To inspire artisanal innovation by looking at older forms and methods to create new ones undergirds the premise of the Bhau Daji Lad Museum. With Graft a visual genealogy of the material source (wood) and method (marquetry) is left intact, and is, in fact, the crux of the piece; in other works Tallur motivates material and method towards an interrogation of the content it upholds. The idea behind Hatha Yoga originated in a ricochet between a wooden sculpture of an angel holding a nail to crucify Christ in the Metropolitan Museum of Art in New York City and a small clay figurine of a yogi lying on a bed of nails in the Bhau Daji Lad Museum in Mumbai. This installation includes four parts: an Indianized replica of the Met’s wooden angel with the nail; the early twentieth-century figurine of the yogi on a bed of nails made for the BDLM; a second winged figure, Garuda, pinned to the ground; and a machine that manufactures nails. This type of machine can produce 5000 nails a minute, but Tallur chose an early model that pulls the iron rod into the machine and cuts one side on a sharp slant and hits the other to produce the head of the nail. Slowly and with clear procedure the product is ejected.
What is the relationship between the object of pain (the nail), the representation of god (in man or man-like form), and deliverance? To Europeans, the yogi on the bed of nails has long been a stereotype of India’s trickery, and this clay sculpture is one of many figures in the museum that identify, if not stereotype, the people, manners, and customs of an India the British aimed to rule through colonial control. Here, the European angel carries the nail that will crucify, and the Indian winged god Garuda has been nailed down. The machine makes the nail with unceasing hits and slices powered by the human foot. We produce and encourage the myths by which we are suppressed.
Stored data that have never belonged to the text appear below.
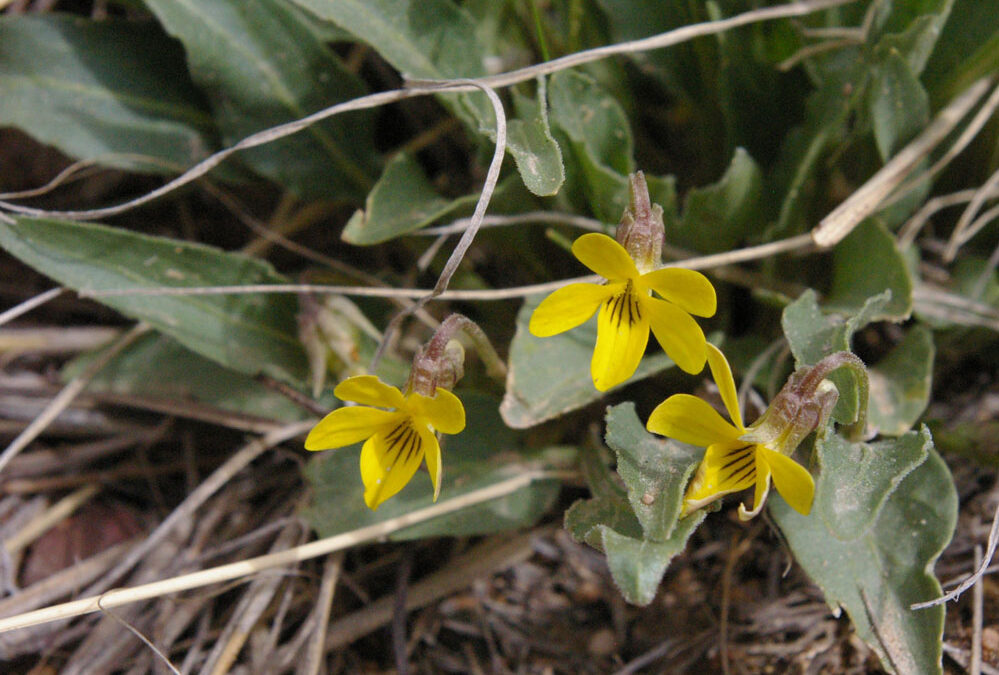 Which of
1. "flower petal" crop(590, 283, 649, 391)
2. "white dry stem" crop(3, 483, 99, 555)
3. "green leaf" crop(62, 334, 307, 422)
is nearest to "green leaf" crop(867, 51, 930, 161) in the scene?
"flower petal" crop(590, 283, 649, 391)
Yet, the yogi on the bed of nails is coy; he floats above the nails that distribute his weight. The man who made him in the early twentieth century likely also made other clay sculptures outside of a colonial context, which filtered into his process. In a related project, Veni, Vidi, Vici (I came, I saw, I conquered), Tallur worked with a sculptor to make figurines of yogis alongside clay tiles that had originally been produced in a colonial tile factory. The sculptor, named Rajesh, was trained in a tradition that specializes in clay and plaster figures of the elephant-headed god Ganesh who is worshipped during an annual festival in the region. Tallur noted that while he looked at the historical figurine to approximate the musculature and technique that had derived from life models, Rajesh assessed the same figure and through his traditional method of coiling and pressing the clay was able to systematize a production that resembled the historical one rapidly, making four or five figures in an hour, but by different means.
Anusundana, Tallur says, “we take something, but we also give something and go with the flow.” This applies to improvisation of technique and material but perhaps also to an object’s ability to mock, or be friendly, to cajole, or to improvise. The nail and the machine that made it are symbols of torture, of redemption, and of artifice; they are tools and agents.
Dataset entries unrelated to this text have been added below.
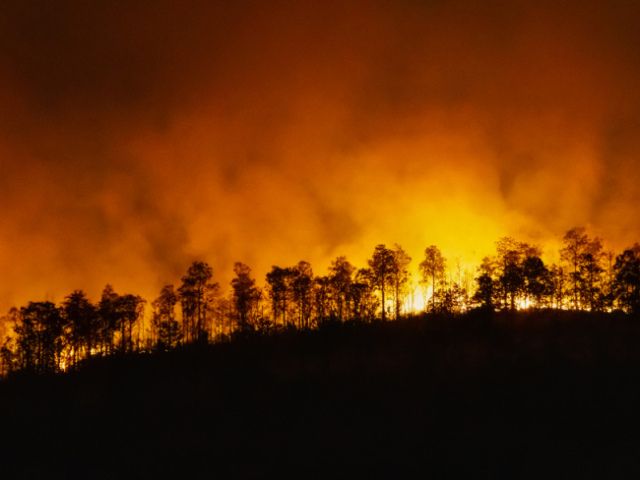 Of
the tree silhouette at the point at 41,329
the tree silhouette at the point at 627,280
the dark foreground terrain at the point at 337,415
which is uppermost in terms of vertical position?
the tree silhouette at the point at 627,280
The same might be said for a machine Tallur built, an “Anger Therapy Machine,” ATM for short. Like an ATM machine where you put in your card and get cash, here you put in the labor of pulling a large fan or punka, with the person sitting across from you, and you receive therapeutic relief in the form of a breeze (perhaps worth the carved symbol of a rupee on the fan). A massive wooden structure, the machine redesigns the employment in the colonial era of a punkawalla, the servant who fans the king or official in the heat that Tallur saw at the court of Kundapur. Rather than a hierarchical relationship, here two people must work together to pull this way then that to make a cool wind through rhythm, which aids in expelling the anger at the colonialism of the surrounding museum. Many who pull the fan explode in laughter rather angst.
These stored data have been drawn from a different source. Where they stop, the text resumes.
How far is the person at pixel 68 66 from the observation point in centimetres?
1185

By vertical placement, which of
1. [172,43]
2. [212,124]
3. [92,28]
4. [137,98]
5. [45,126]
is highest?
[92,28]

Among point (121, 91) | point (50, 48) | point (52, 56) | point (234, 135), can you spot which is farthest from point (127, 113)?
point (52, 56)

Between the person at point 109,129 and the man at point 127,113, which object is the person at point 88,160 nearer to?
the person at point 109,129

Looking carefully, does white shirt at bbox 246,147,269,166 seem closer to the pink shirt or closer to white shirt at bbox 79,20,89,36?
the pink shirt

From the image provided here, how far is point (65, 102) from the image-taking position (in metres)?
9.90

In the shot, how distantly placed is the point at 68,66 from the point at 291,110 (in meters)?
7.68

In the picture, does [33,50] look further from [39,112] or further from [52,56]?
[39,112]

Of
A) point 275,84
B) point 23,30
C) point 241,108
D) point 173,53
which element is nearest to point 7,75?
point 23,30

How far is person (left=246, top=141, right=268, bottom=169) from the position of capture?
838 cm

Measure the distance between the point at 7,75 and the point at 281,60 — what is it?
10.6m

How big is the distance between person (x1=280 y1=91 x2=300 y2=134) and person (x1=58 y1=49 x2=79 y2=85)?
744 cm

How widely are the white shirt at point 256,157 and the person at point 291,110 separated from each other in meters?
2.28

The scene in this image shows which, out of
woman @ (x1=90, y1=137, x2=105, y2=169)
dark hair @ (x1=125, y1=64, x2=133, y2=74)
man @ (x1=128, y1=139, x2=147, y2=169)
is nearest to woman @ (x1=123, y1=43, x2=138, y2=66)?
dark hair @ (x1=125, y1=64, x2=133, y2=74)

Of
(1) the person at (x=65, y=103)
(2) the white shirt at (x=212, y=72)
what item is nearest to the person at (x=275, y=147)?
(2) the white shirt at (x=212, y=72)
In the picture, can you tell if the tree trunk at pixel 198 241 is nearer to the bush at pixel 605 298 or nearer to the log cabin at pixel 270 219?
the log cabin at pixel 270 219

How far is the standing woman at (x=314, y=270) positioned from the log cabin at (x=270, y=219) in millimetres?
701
They might also feel wonder at the object itself, for is the towering stand-alone wooden machine old or is it new? The notion of a fan is ancient, but a punka is usually attached to a ceiling of a building; here the structure has been built solely to support the fan. Connected to extant architecture, or architectural fragments displayed in the museum, the Anger Therapy Machine seems antique. It consists of a post and lintel wooden structure with deeply carved floriated arabesques, chain links, and elephants in relief. Yet it is pockmarked with holes as if termites had been burrowing for centuries and includes novel design elements like the rupee. Though akin to the antiquity of objects in the museum that Tallur has studied, it is a product of mechanical grafting as seen earlier. Tallur scanned the termite-ravaged surfaces of wooden objects, and their accumulations of mud and dust, and digitally layered the scans onto models, which were then scanned again and carved by a CNC machine to make this machine, an ATM. Dominating the central hall of the museum, the Anger Therapy Machine seems of a piece with the cases and objects that surround it; yet it is in fact a mockery and an homage.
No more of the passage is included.